Eigentlich wären wir ja nach Washington D.C. geflogen. Die Betonung liegt auf dem «wären». Wir flogen via Istanbul nach Frankfurt am Main. Und dann ging das Theater los. Wir zwei in der Hauptrolle. Als wir in das Flugzeug nach Washington steigen wollte, wurde uns der Eintritt verwehrt, da wir deutschen Boden betreten haben. Für die USA gilt der Transitbereich als so richtig-richtig «betreten» und somit durften wir nicht mehr in die USA einreisen (Reisende, welche sich die letzten 14 Tagen im Schengen-Raum aufgehalten haben, dürfen auf Grund Covid-19 momentan nicht in die USA einreisen). Leider steht nirgends geschrieben, dass für die Amerikaner der Transitbereich auch als Schengen-Raum gilt und die Turkish Airlines hätte uns in Istanbul schon gar nicht ins Flugzeug steigen lassen dürfen. Unerwartet gelassen nahmen wir diese Info entgegen. Aber der «Nussgipfel» war dann – als Ela’s Gepäck am Frankfurter Flughafen nicht auf der Gepäckausgabe ankam. Nur der da oben weiss weshalb. Denn hier auf Erden war es niemand und keiner trägt die Verantwortung. Aber es kursierten, im Nachhinein, lustige Informationen. Von beschlagnahmt wegen einem hoch explodierenden Gerät bis über gefälschte Ware. Ja vielleicht war der Sony-Lautsprecher neben dem gemahlenen türkischen Kaffee zu viel «Sprengstoff». Die Lage wurde jedoch nach dem Besuch bei der Deutschen Bundespolizei entschärft – sie hatten nie eine Meldung. Puh. Der Rucksack blieb verschwunden, dafür Ela geladen. Nach drei Tagen «Ping-Pong» zwischen der United Airlines und der Turkish Airlines waren wir gezwungen, alles neu zu besorgen. «Help yourself». Ja die ersten beiden Juli-Tage fallen definitiv unter die Kategorie «Kampf-Shoppen». Es bleibt spannend, ob der winzige Rucksack mit einem Fliegengewicht von knapp 22 Kilo irgendwo in einer Ecke zum Vorschein kommt.

Jedenfalls haben wir nun unser Programm umgestellt und sind ganz Öko mit der Bahn unterwegs. Wir «krömleten» uns ein Interrail Ticket und machen nun Europa für die nächsten drei Monate bequem per Zug unsicher. Erstes Ziel: Berlin. Uns wird ganz bestimmt nicht langweilig – so viel steht fest. In dem Sinne…

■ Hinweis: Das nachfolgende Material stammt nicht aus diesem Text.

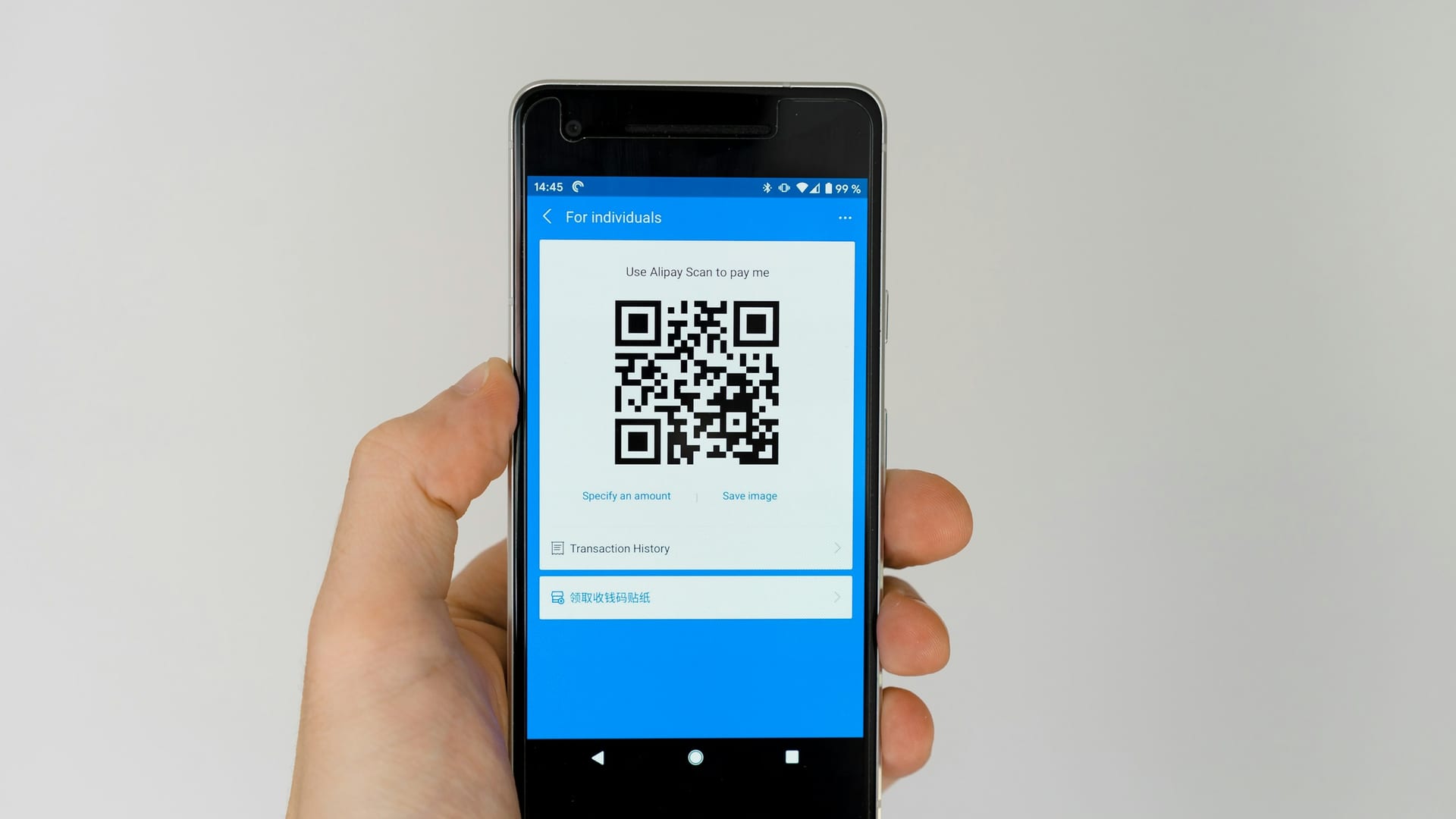 Una mano sujeta un móvil Android que enseña un código QR en la pantalla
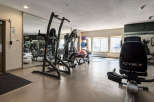Stay active and healthy in this well-equipped fitness center, featuring a variety of strength training machines and cardio equipment.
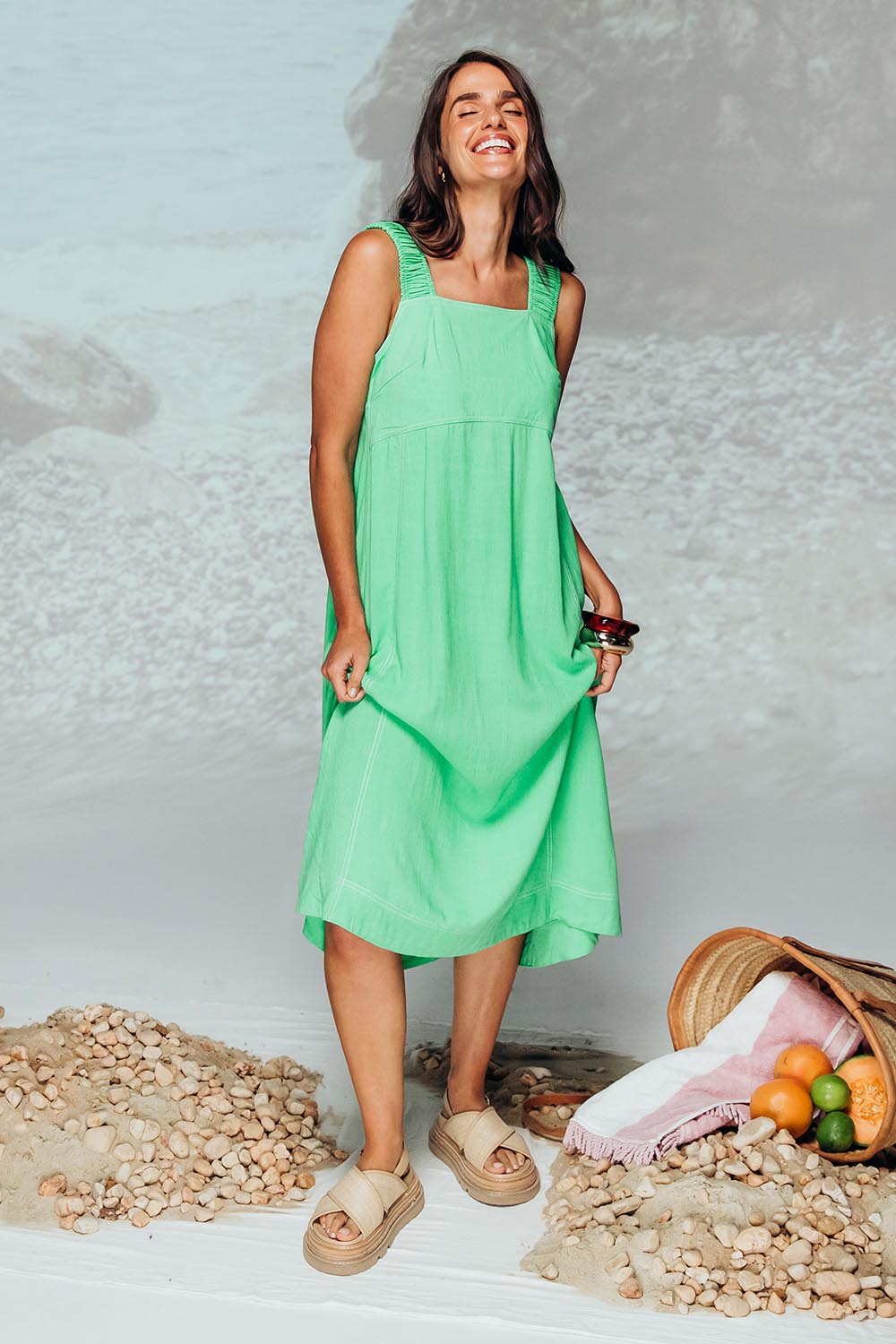 A model wearing the Sage Dress in colour Irishgreen (Green), from the front, showing the whole outfit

«Güle güle» – und nein, das heisst nicht das, was ihr jetzt denkt – so einfach ist es dann doch nicht. Auf wiedersehen ihr Lieben, geniesst den Sommer.

Dröööckerlis
Ela & Seebi

Ein Kommentar zu “Istanbul – 1001 Baklava

  1. Na ihr zwei?

    Mit Verlust müsst ihr immer wieder mal rechnen, meistens bleibt es aber bei dem einen Mal. In Istanbul war ich schon zweimal. Die verschiedenen Welten in einer ganzen Stadt verpackt sind eindrücklich und auch kleine Memorys für mich. Im Herbst 2019 war ich zum letzten Mal Dort. Vielen Dank für den schönen Beitrag auch von Peter.

    Wir wünschen euch viele kleine und grosse Abenteuer auf dem Europatrip und auf bald wieder.